**Task brief:** Copy each line below exactly as it appears. Pictures are to be omitted.

**Listed entries:**

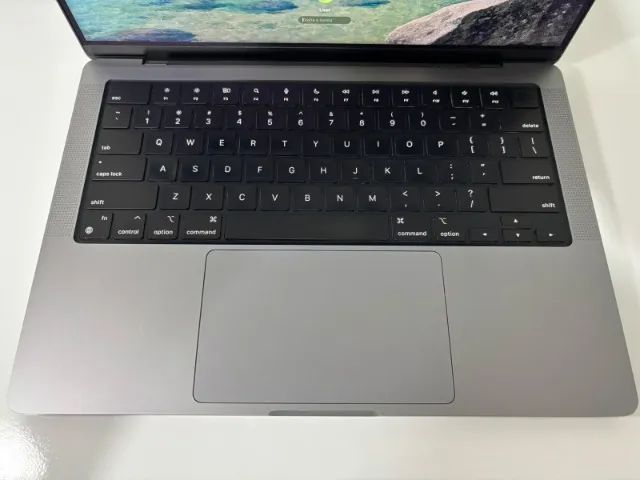 MacBook Pro A2442 - 2021 | Apple M1 Pro | 16GB RAM | 1TB SSD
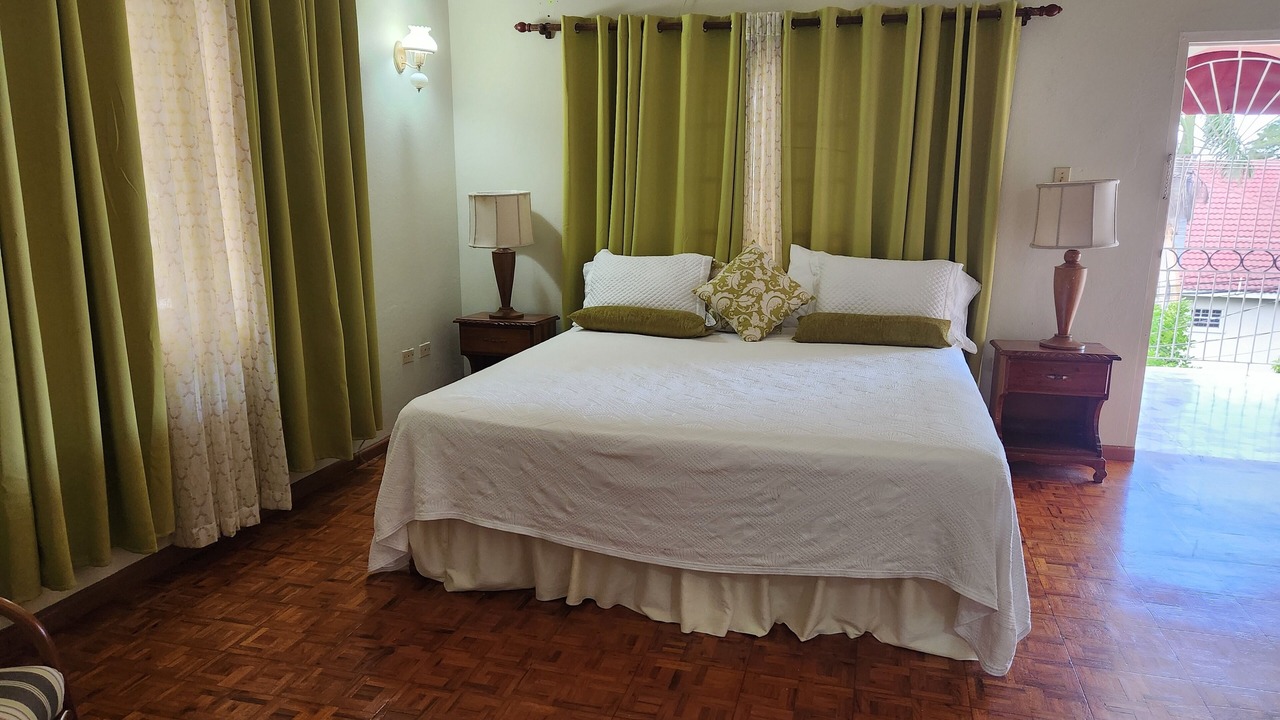 Photo of Bedroom in Runaway Bay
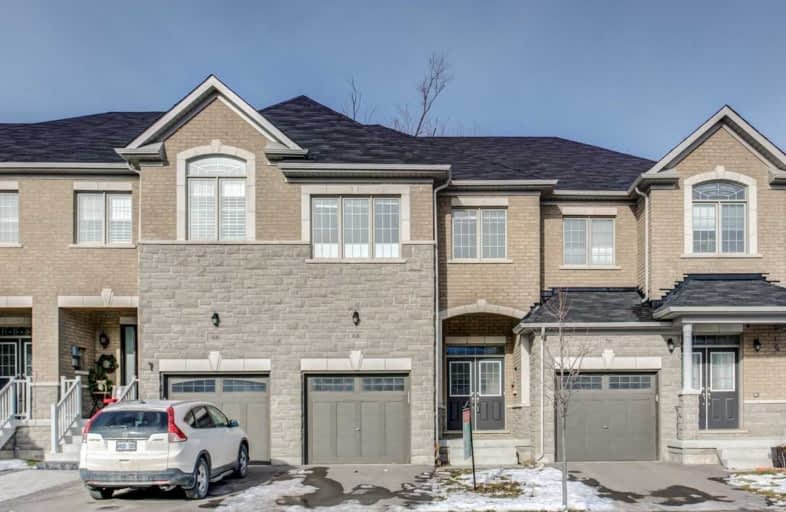 68 Paper Mills Crescent, Richmond Hill | Image 1
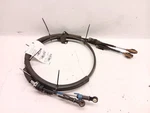 2005-2008 Porsche Boxster 2.7 Shift Cables Speed Transmission Oem Used. Price: $124.99.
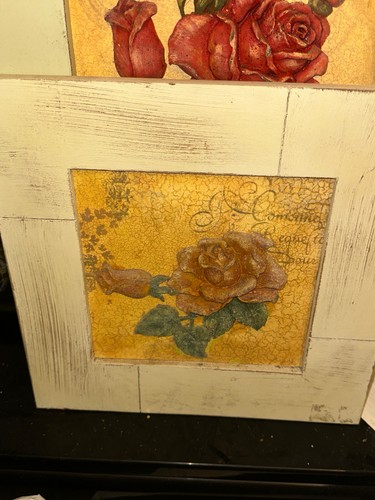 Quadro rilievo - quadro, in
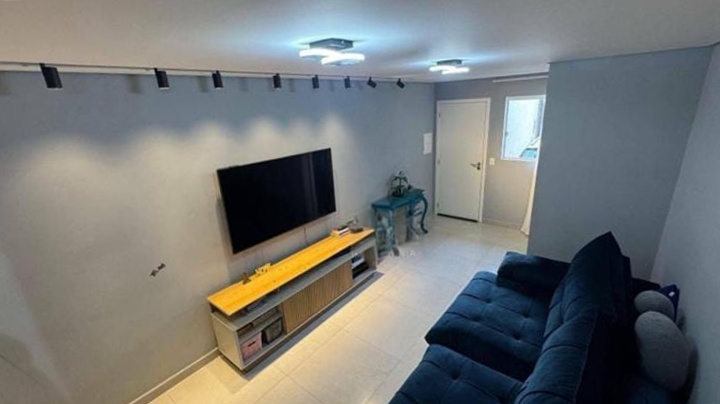 Casa, 2 quartos, 84 m² - Foto 12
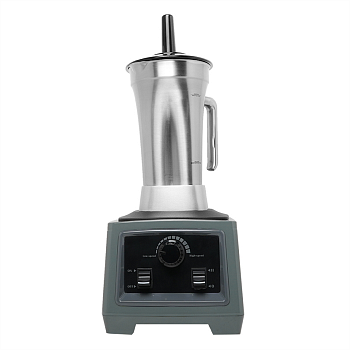 Блендер Hurakan HKN-HBH2000S профессиональный 2 л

**Problem solution:**
 MacBook Pro A2442 - 2021 | Apple M1 Pro | 16GB RAM | 1TB SSD
 Photo of Bedroom in Runaway Bay
 68 Paper Mills Crescent, Richmond Hill | Image 1
 2005-2008 Porsche Boxster 2.7 Shift Cables Speed Transmission Oem Used. Price: $124.99.
 Quadro rilievo - quadro, in
 Casa, 2 quartos, 84 m² - Foto 12
 Блендер Hurakan HKN-HBH2000S профессиональный 2 л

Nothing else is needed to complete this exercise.